Here is another question. Not sure I am reading some of the laws right. My son is 12, I bought him a 250 Polaris. I was reading where the class say 12 to 16 years of age need to be using a 50cc to 90cc. My son is a big kid at 12, he stands 5' 10" tall. He sat on a 90cc and there was no way I was going to get that for him. The 250 fits him perfect. 

I allready took the no 16 years of age and under sticker off the machine....

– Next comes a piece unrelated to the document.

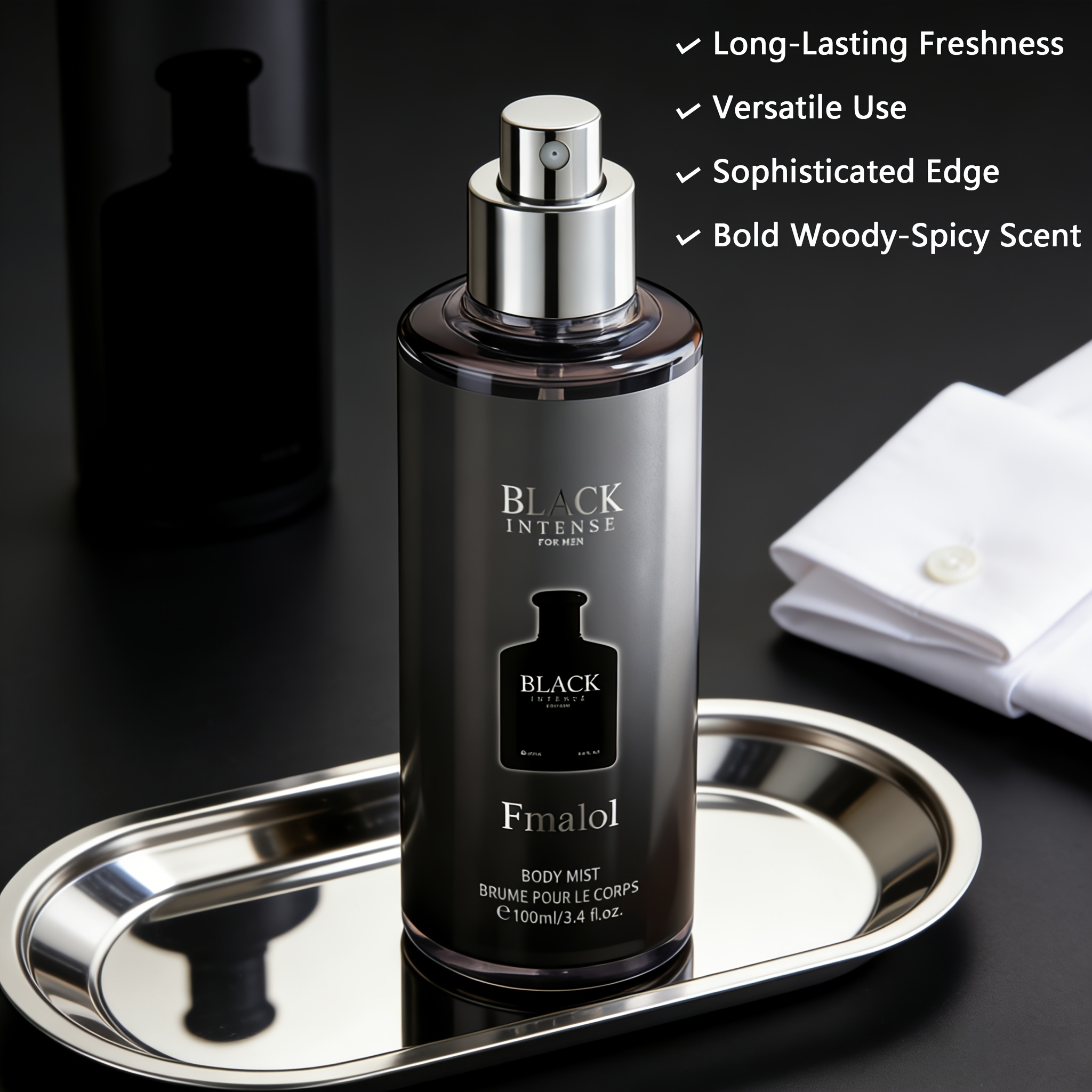   for men 100mlfeaturing a black silvery gradient bottle with a luxurious   fragrance boasts a   oriental accord with long lasting scent projection it exudes masculine charm and is   for evening dates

Can he legally ride a 250 while under my supervision on State land ???

Thanks for your help...


----------



## bigcountrysg (Oct 9, 2006)

To answer your question straight and forward No he can not legally ride this machine under your direct supervission on stateland. The law if I remember correctly states that if you are under the age of 16 you must hold an atv certificate while riding on stateland. Also you must be under parent supervission while riding on stateland if you are under the age of 16. I think the best place for you to take him to ride is if you have private property upnorth or if one of your buddys have private property up north. He can ride on private property under your supervission. But not on stateland. FYI it is illegal to remove those warning labels. The law was put in place by the Federal Gov. not state. But the state has to follow the federal law. You can thank the ant groups for this law. After so many kids were getting killed riding machines that were not designed as a beginner machine. Or if you would like to take a little trip down to Attica Indiana I know of a public riding area down there that is privately owned. It has alot of trails and a lot of different terrian for him to build his skills on. If you would like info on this place pm me and I will give you the website. The last time I was down there I think it was 15 dollars a day for the whole day. They also have a camp ground right out front too. They have a big scramble area as well to practice on but be prepared to get dirty if you go down there. I hope I have helped you out.


----------



## Rooster_Smasher (Oct 18, 2003)

I stuck the sticker on the fidge in the garage. Looks like I better peel it of and put it back on the machine. 

Thanks for your help.


----------



## Rooster_Smasher (Oct 18, 2003)

Looking a few things up...

These are from a page at the Michigan ATV assoc.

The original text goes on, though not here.